### [Your instructions]
Each line of the records below that holds "with" should be returned.

● ● ● ●

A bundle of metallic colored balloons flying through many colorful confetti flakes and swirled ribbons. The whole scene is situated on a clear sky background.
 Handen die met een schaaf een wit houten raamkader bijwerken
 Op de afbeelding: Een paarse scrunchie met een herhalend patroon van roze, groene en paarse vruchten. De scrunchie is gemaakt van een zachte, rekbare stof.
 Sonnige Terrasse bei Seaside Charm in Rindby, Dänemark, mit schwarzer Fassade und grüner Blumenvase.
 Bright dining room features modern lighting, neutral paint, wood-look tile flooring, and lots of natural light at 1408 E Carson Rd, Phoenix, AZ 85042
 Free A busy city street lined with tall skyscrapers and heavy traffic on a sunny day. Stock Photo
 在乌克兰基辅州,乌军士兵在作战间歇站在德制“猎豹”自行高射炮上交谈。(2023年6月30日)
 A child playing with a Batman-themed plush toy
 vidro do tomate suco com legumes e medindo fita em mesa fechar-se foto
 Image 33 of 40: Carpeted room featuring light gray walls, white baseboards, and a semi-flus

● ● ● ●

### [Answer to this problem]
 Free A busy city street lined with tall skyscrapers and heavy traffic on a sunny day. Stock Photo
 A child playing with a Batman-themed plush toy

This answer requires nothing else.